Désormais, la fondation de la princesse Charlène de Monaco ou sa station de Tignes l’accompagnent. Bertrand Riguidel, petit-neveu du grand navigateur assure sa com’. Il se lève avant l’aube pour s’entraîner, trouver des sponsors. Comptez 15 à 60 000 euros par expédition. En enchaînant dix sommets, 2023 a été faste. À l’Annapurna, il lui a fallu « 24 heures sans dormir », avec son sherpa pour faire la trace dans la neige profonde. Le 16 mai, comme 600 personnes ce printemps, il était sur l’Everest. Pour le coup pas pour un record, un Américain de 5 ans de moins l’a déjà fait. Au Pakistan, il a gelé sa combinaison au Gasherbum et enfilé cinq 8 000 comme des perles en 26 jours. « Sans prendre l’hélico », précise-t-il. Et pas d’oxygène en dessous de 7 500 m.

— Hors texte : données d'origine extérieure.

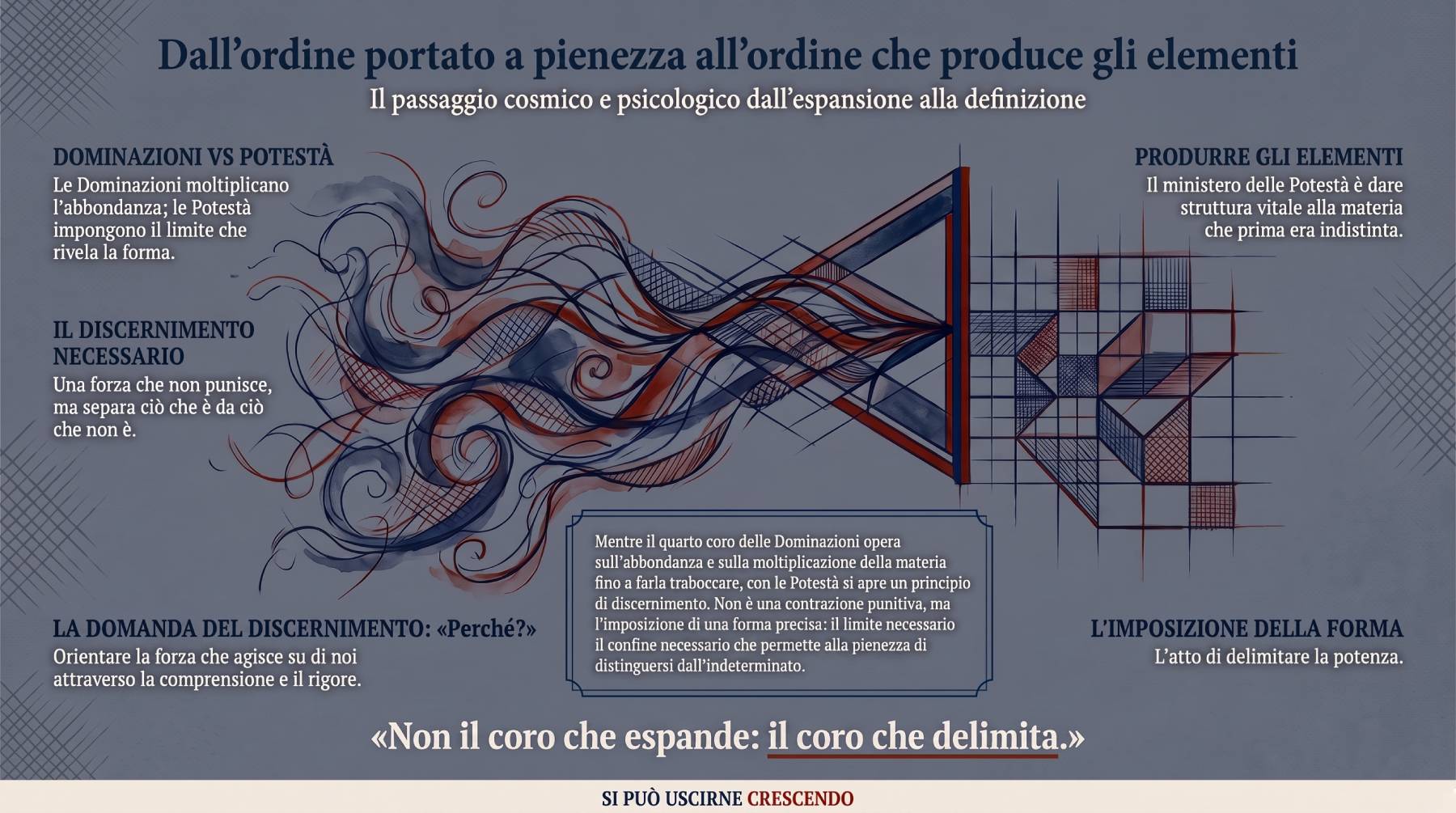 Introduzione coro Potestà: il passaggio dalle Dominazioni alle Potestà.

Des ascensions désormais au millimètre

Le plus difficile ? Le Nanga Parbat, et son mur Kinshofer. Depuis, il a changé d’agence pour avoir plus de chances d’aller au Tibet, sollicitant Sophie Lavaud, première Française tous sexes confondus à avoir réussi les 14. « Un garçon bien élevé », témoigne celle qui lui a dit le plus grand bien de Seven Summit treks, avec laquelle il a, depuis, coché le Dhaulagiri. Et le Manaslu, dont la véritable cime était souvent escamotée, jusqu’à ce que les experts du site 8000ers et de l’Himalayan data base révèlent, preuves à l’appui, que l’histoire était émaillée d’ascensions controversées. « Aujourd’hui avec les GPS, la cartographie, les drones, on ne peut plus se tromper de sommet. Ce qui n’était pas le cas pour les anciens », observe Alasdair. Et le routage météo garantit la fenêtre d’ascension.

Il pense à Reinhold Messner, avec qui il a fait un selfie à Katmandou. Selon ces Sherlock des cimes, l’Italien n’aurait pas tout à fait foulé le point le plus haut de l’Annapurna, à 40 m près. Faut-il revoir les tablettes de l’himalayisme ? Le Guinness Book a osé ce sacrilège, chassant le monument de son piédestal. « Altération de l’histoire », s’indigne la fédération internationale d’alpinisme (UIAA), louant la symphonie messnerienne, sans oxygène et souvent en solitaire.

Le Franco-Britannique Alasdair McKenzie qui a gravi 12 des 14 sommets de plus de 8000, en passe de devenir le plus jeune à réaliser le grand chelem à 19 ans.   Photo Le DL /Thierry Guillot
Le Franco-Britannique Alasdair McKenzie qui a gravi 12 des 14 sommets de plus de 8000, en passe de devenir le plus jeune à réaliser le grand chelem à 19 ans. Photo Le DL /Thierry Guillot

Même après 12 sommets l’apprentissage continue

En 1986, il avait fallu 16 ans à Messner pour boucler les « quatorze ». En 2023, la Norvégienne Harila et le Népalais Tenjen Sherpa ont mis trois mois, appuyés par une logistique qui n’a rien à voir avec l’esprit d’aventure de jadis. Mais le 7 octobre, ce dernier périssait dans les avalanches au Shishapangma, faisant quatre morts, dont deux Américaines en compétition pour décrocher le grand chelem des 8 000. Cet hiver, Alasdair va s’entraîner, avaler à peaux de phoque les 2 000 m de dénivelé qui séparent son appartement de Val Claret du sommet de la Grande Motte. En espérant qu’au printemps, les autorités chinoises rouvrent leurs sommets. Après, il compte enchaîner sur des études de sports (STAPS), pour devenir guide. Il est le garçon français le plus capé à 8 000. Le regretté Jean-Christophe Lafaille a disparu à son douzième. Mais dans les Alpes où il n’est pas sorti des voies normales (mont Blanc, Eiger ou Cervin), il lui faudra acquérir un autre bagage technique.